DIRECTOR’S STATEMENT
Over the past fifty years, I have worked as an editor working in collaboration with various directors to bring their stories to life. In the narrative feature film world, I found success working as a sound or picture editor on films like Amadeus, Blue Velvet, The Right Stuff The Unbearable Lightness of Being and Henry and June. But it was in the arena of independent documentary films where I found creative freedom. Working on films like Lourdes Portillo’s Devil Never Sleeps and Señorita Extraviada, I was able to edit picture, music, dialogue and sound effects. I love editing. But when I started losing my eyesight to Macular Degeneration, I knew I wanted to share my story with others while investigating in depth this journey through loss and resilience.
Vivien's Wild Ride explores three aspects of my life journey: working on commercial features alongside other pioneering women sound editors during the heyday of San Francisco Bay Area filmmaking; the experience of being an unwed mother and being forced to relinquish my baby for adoption; and losing my sight after decades of working as an editor and how this forced me to reinvent myself as a disabled artist.
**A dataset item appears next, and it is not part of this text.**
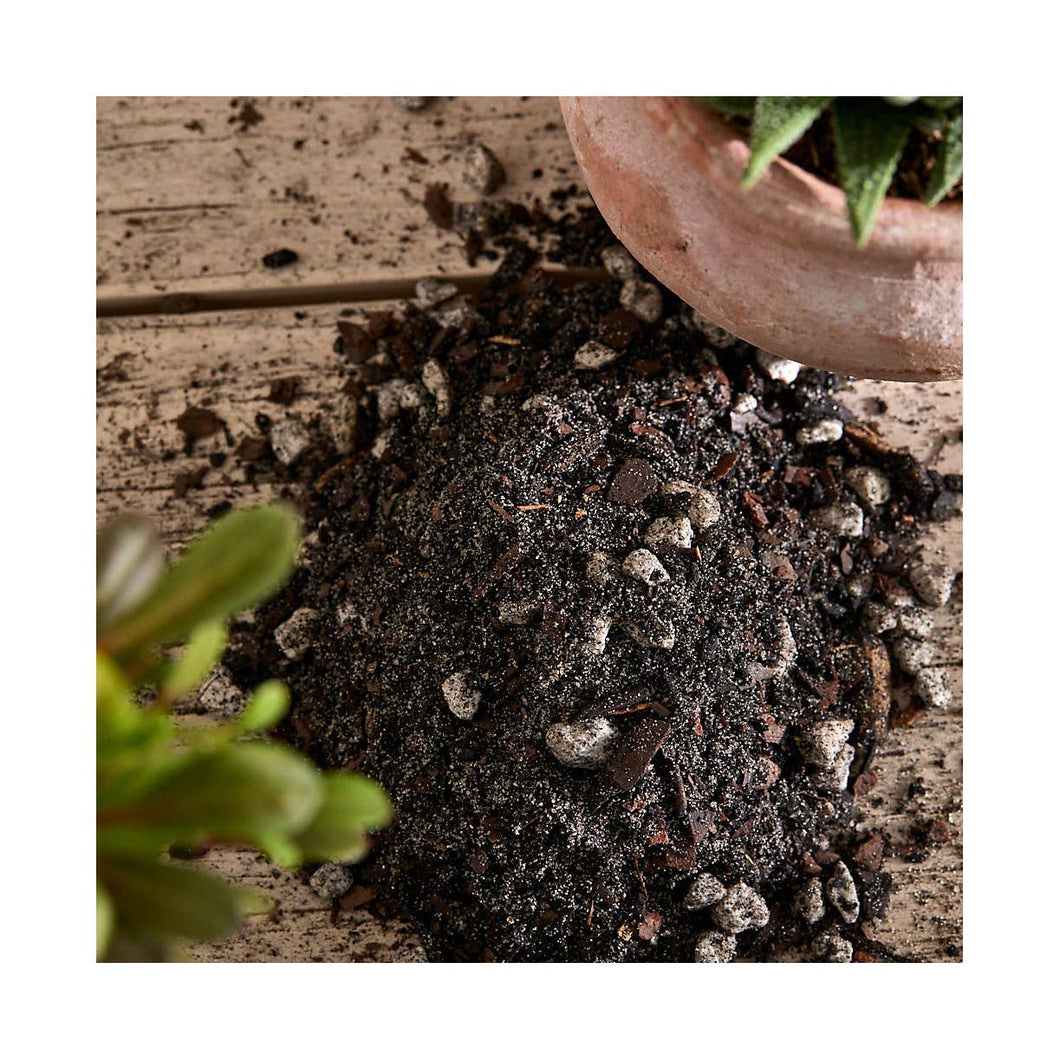 Rosy Soil - Bulk Organic Cactus & Succulent Mix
This film has pushed me beyond my comfort zone emotionally and creatively. I have had to dive deep into memory and revisit previous trauma. I’ve also had to confront denial and grief around my sight loss. At the same time, I am finding my voice as a director. Working on this film is not only pushing the envelope creatively, but it is giving me new-found confidence that I can adapt and emerge in a different professional capacity within the film industry. Through this film and future projects, I am determined to show that disability and age need not prevent us from bold creative acts. I want to stand in the face of that stigma and argue that our abilities are as varied as ourselves.